梯子も半ばほどまで降りたころ、市壁の向こう側では激しい地鳴りが起こった。地鳴りは背の高い鐘楼には周囲よりわずかに増幅して届き、市井の人々よりも敏感に揺れを感じることが出来た。
間近で何か地盤が落ちたようなその音に、オルクメステスは決戦の始まりを悟った。
戦車とそれに続く歩兵達が、落とし穴に落ち、一部は串刺しにされたのであろう。それは丘陵の底部にある、アビスの市壁の射程圏内に敵が侵入したことを意味する。彼は地面に降り立ち、こすれた僧衣の汚れを叩く。埃が周囲に広がり、一つ咳き込んだ。
彼は錫杖を振るって薔薇水の香りを放ちながら、祝詞を唱えて市街へと乗り出した。
市街は閑散として静まり返っており、巨大なダンドロ銀行の荷馬車さえも最後の荷造りを終えて今まさに丘を駆け上がろうとしていた。
乞食は静かに大聖堂の壁面に身を寄せて震えており、彼はそれを一瞥して錫杖を振るう。カペラの恵み深き薔薇水の香りが、乞食らの細い体躯が震えるのを止めた。
彼は祈りの口上を唱え終えると、フォルカヌスの讃美歌を口ずさむ。運命の車輪が今まさに上るところであると、彼らを勇気づけるためであった。
市壁の上には煙が立ち込めている。エストーラ経由で導入された火砲はカペル王国では最新の兵器であり、射程から巨大な弾丸を放つ敵の戦車を破壊できる唯一の『火器』であった。
執拗な集中砲火を浴びせる火砲も、吹き荒ぶ風や不意の挙動によって、戦車に直撃するのは叶わない。歩兵を数名撃退したらしいが、それを確認する術も彼にはなかった。
道すがら、市街の丘を転がっていくごみを一つ拾い上げる。教会への皮肉を書いた時代遅れの広告であった。彼はそれに錫杖を当てつつフォルカヌスの歌を唱え続け、市壁に向かって放る。広告は高速で空に浮かび上がり、やがて迫り来る戦車の群れへと突撃する。紙切れが砲口に入り込んだ戦車は、弾丸を暴発させて砲台を大破させた。

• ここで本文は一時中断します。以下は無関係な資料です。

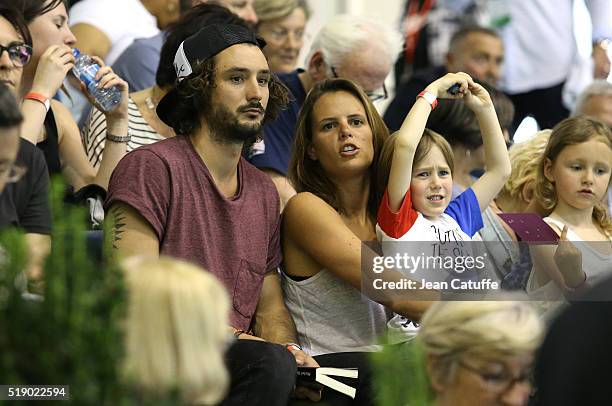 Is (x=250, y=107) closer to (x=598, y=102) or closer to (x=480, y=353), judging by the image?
(x=480, y=353)

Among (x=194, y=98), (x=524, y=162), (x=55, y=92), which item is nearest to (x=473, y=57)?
(x=524, y=162)

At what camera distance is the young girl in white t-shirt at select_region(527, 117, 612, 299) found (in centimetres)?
514

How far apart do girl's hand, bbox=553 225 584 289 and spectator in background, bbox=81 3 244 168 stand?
65.8 inches

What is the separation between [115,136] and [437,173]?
1.30m

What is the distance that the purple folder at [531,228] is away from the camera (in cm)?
522

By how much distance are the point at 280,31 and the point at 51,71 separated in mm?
2215

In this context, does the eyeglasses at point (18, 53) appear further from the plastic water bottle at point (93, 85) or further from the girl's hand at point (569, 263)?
the girl's hand at point (569, 263)

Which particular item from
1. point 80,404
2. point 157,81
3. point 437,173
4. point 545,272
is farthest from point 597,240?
point 80,404

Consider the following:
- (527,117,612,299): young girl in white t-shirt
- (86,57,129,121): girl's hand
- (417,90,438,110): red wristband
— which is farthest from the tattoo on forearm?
(527,117,612,299): young girl in white t-shirt

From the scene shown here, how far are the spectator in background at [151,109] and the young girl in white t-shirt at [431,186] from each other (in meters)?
1.03

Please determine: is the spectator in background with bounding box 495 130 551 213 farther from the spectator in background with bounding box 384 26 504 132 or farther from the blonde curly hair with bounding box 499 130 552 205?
the spectator in background with bounding box 384 26 504 132

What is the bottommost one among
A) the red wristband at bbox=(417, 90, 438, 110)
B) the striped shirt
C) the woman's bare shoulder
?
the woman's bare shoulder

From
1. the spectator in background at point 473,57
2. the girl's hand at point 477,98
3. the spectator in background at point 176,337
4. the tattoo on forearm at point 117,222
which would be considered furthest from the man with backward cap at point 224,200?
the spectator in background at point 473,57

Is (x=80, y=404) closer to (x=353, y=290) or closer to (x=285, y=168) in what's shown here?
(x=353, y=290) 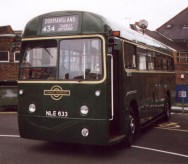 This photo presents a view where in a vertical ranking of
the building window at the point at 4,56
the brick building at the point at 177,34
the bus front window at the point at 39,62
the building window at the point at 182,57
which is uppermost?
the brick building at the point at 177,34

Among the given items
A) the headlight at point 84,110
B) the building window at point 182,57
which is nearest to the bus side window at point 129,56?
the headlight at point 84,110

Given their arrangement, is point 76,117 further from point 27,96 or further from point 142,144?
point 142,144

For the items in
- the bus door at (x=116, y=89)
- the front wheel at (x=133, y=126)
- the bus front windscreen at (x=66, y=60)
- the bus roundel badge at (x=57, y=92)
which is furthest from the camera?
the front wheel at (x=133, y=126)

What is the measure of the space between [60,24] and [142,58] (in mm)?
3152

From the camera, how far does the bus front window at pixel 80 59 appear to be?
8.67 meters

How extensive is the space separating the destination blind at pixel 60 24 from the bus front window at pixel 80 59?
30 cm

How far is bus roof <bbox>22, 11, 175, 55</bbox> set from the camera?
878 cm

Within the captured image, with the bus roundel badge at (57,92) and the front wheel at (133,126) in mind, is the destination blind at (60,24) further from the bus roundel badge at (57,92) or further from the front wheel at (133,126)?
the front wheel at (133,126)

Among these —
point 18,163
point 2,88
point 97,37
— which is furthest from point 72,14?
point 2,88

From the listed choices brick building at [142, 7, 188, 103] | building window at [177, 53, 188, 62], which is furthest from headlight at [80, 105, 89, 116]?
building window at [177, 53, 188, 62]

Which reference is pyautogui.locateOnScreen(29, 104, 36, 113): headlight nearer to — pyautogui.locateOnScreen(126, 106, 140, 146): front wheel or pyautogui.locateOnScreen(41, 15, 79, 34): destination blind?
pyautogui.locateOnScreen(41, 15, 79, 34): destination blind

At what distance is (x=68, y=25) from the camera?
29.7 feet

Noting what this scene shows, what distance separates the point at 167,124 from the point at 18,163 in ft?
25.1

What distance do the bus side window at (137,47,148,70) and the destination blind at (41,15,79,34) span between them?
2663 mm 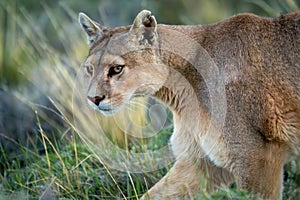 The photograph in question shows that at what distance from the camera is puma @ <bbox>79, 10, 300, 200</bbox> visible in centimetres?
565

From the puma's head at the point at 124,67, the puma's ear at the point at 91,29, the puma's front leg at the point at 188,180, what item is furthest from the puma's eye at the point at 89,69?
the puma's front leg at the point at 188,180

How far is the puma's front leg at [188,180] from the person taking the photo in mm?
6167

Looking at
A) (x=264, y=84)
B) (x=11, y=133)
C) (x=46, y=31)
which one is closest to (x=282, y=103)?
(x=264, y=84)

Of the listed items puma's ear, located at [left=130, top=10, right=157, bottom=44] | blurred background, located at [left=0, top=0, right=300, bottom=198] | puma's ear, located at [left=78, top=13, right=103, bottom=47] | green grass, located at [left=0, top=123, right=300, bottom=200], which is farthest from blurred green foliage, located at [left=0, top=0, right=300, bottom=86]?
puma's ear, located at [left=130, top=10, right=157, bottom=44]

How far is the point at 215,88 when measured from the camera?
583cm

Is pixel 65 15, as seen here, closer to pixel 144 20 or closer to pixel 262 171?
pixel 144 20

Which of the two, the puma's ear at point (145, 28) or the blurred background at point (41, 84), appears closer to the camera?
the puma's ear at point (145, 28)

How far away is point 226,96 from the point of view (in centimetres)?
574

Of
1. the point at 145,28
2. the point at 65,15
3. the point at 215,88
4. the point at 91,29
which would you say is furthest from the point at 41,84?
the point at 65,15

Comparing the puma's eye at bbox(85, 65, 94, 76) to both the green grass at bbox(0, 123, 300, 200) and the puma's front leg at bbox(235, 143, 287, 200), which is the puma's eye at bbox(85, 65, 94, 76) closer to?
the green grass at bbox(0, 123, 300, 200)

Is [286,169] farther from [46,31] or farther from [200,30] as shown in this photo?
[46,31]

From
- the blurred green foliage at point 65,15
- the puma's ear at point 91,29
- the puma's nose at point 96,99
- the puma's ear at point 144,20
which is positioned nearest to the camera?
the puma's nose at point 96,99

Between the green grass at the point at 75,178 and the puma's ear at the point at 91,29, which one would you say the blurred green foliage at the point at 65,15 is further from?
the puma's ear at the point at 91,29

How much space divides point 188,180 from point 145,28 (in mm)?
1214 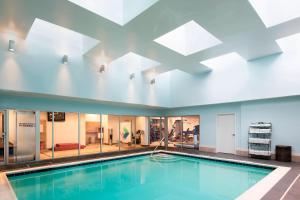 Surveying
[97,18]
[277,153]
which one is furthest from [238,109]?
[97,18]

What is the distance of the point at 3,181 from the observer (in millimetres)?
4676

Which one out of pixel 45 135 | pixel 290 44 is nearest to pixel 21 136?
pixel 45 135

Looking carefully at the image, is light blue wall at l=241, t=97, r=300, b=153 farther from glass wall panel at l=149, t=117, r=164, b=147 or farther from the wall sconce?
the wall sconce

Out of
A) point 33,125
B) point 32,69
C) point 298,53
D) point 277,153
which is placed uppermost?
point 298,53

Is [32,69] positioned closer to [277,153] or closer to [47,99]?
[47,99]

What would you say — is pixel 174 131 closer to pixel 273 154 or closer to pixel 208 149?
pixel 208 149

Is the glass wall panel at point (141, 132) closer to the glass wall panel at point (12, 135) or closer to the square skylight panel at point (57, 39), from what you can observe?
the square skylight panel at point (57, 39)

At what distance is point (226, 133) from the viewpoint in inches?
364

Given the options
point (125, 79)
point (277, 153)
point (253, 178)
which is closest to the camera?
point (253, 178)

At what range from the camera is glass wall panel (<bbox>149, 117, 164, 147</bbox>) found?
11914 mm

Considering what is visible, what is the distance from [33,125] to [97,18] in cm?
524

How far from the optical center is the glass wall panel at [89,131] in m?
10.7

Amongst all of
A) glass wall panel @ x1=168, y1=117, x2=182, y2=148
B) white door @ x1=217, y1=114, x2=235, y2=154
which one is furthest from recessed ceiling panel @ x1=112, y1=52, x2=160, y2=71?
white door @ x1=217, y1=114, x2=235, y2=154

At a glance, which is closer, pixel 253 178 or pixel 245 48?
pixel 253 178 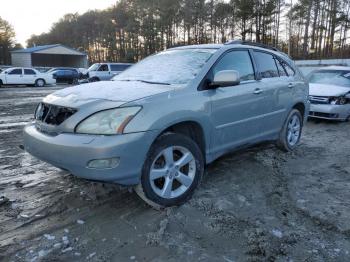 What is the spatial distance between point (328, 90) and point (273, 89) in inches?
200

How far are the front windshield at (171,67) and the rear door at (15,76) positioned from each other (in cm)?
2491

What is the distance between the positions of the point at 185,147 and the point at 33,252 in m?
1.76

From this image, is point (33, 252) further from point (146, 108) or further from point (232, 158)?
point (232, 158)

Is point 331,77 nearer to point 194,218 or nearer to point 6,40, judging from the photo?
point 194,218

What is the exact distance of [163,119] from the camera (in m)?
3.60

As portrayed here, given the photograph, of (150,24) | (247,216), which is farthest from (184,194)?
(150,24)

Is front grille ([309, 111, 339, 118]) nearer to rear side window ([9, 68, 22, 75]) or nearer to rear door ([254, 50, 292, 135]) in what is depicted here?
rear door ([254, 50, 292, 135])

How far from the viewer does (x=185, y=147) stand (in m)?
3.87

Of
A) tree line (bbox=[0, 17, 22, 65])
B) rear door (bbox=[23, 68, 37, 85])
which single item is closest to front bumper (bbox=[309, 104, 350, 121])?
rear door (bbox=[23, 68, 37, 85])

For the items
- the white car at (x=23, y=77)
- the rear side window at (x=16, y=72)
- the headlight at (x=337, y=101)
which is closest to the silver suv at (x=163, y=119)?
the headlight at (x=337, y=101)

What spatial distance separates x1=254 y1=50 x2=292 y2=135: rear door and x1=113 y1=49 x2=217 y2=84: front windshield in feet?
3.40

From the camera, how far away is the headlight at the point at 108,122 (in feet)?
11.0

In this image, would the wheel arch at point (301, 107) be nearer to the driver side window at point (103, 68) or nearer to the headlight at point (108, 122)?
the headlight at point (108, 122)

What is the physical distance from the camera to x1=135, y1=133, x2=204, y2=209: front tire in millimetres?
3600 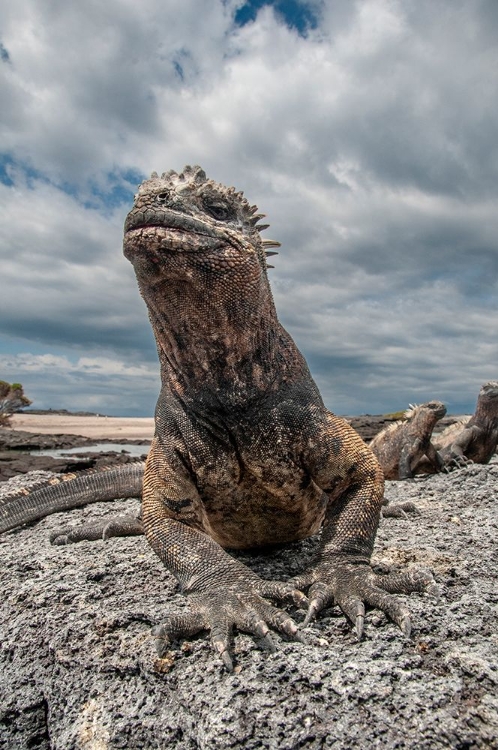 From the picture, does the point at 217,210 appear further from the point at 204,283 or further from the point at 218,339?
the point at 218,339

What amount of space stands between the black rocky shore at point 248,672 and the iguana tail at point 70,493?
2.96m

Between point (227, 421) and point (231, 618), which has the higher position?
point (227, 421)

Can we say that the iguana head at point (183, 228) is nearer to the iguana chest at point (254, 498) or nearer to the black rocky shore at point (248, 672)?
the iguana chest at point (254, 498)

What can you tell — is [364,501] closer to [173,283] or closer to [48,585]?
[173,283]

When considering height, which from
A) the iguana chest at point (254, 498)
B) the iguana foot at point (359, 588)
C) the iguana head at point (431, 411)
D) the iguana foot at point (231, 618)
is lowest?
the iguana foot at point (231, 618)

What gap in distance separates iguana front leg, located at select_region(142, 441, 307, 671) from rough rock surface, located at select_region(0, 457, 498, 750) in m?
0.09

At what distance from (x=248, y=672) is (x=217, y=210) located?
273cm

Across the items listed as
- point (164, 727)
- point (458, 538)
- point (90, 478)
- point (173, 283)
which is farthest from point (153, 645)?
point (90, 478)

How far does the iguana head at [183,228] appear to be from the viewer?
346 centimetres

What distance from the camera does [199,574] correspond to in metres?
3.42

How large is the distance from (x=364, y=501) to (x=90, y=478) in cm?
499

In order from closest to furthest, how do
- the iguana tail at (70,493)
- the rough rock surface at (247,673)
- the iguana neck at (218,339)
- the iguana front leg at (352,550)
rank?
the rough rock surface at (247,673)
the iguana front leg at (352,550)
the iguana neck at (218,339)
the iguana tail at (70,493)

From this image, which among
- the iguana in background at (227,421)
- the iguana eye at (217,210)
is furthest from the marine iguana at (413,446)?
the iguana eye at (217,210)

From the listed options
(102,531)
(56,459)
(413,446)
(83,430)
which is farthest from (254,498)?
(83,430) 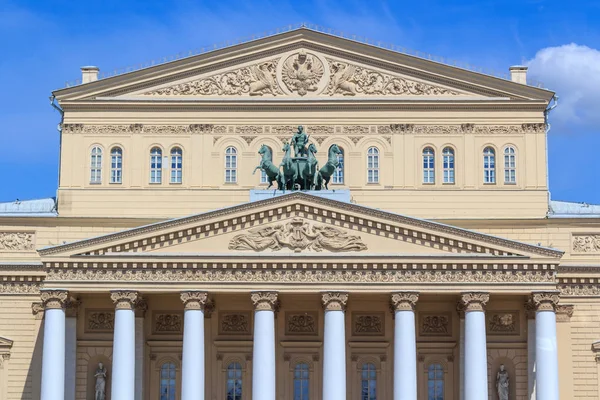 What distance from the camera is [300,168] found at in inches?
2478

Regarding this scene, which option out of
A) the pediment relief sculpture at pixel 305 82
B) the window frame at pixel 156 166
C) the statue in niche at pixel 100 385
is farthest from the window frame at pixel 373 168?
the statue in niche at pixel 100 385

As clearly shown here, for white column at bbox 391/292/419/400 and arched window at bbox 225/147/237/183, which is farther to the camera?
arched window at bbox 225/147/237/183

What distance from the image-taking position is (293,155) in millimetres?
68875

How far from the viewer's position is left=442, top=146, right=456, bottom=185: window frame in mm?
69250

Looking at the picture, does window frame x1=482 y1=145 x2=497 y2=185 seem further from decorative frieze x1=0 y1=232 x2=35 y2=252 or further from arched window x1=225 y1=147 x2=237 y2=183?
decorative frieze x1=0 y1=232 x2=35 y2=252

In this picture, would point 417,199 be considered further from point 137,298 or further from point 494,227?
point 137,298

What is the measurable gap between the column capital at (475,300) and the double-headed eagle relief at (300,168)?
7.75 metres

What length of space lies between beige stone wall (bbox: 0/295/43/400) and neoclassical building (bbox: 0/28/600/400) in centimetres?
8

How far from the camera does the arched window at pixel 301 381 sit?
64188 mm

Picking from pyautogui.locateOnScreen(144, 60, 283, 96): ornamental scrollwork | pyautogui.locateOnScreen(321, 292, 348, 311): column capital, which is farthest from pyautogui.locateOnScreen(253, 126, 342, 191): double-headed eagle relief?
pyautogui.locateOnScreen(144, 60, 283, 96): ornamental scrollwork

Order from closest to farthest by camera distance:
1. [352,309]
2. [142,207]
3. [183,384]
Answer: [183,384] → [352,309] → [142,207]

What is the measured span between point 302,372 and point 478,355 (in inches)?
327

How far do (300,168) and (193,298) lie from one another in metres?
7.05

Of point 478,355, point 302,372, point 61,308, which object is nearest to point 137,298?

市壁の向こうにあるはずの激しい戦闘を思いながら、彼は悪意に満ちた文句の記されたゴミを拾いあげては同じように敵地へ放つ。祈りの歌は二回目に入っており、音階は僅かに低くなっていた。
飛行船が敵へと砲弾を落とす様が見切れて彼の視界に入る。彼は一度足を止め、空を飛ぶ鯨の勇士を静かに見上げる。
「守りは盤石でなくてはならぬ。そうでなくては何も守れぬ」
彼はぽつりと呟く。プロアニアの人海戦術は、守りも補給もかなぐり捨てた乱暴なものであったから、オルクメステスはこの戦いで敵を堰き止められると確信した。
祈りの歌は再び続けられる。武器を持たないオルクメステスが振るうのは、薔薇水を振り撒く恵みの錫杖ただ一つであった。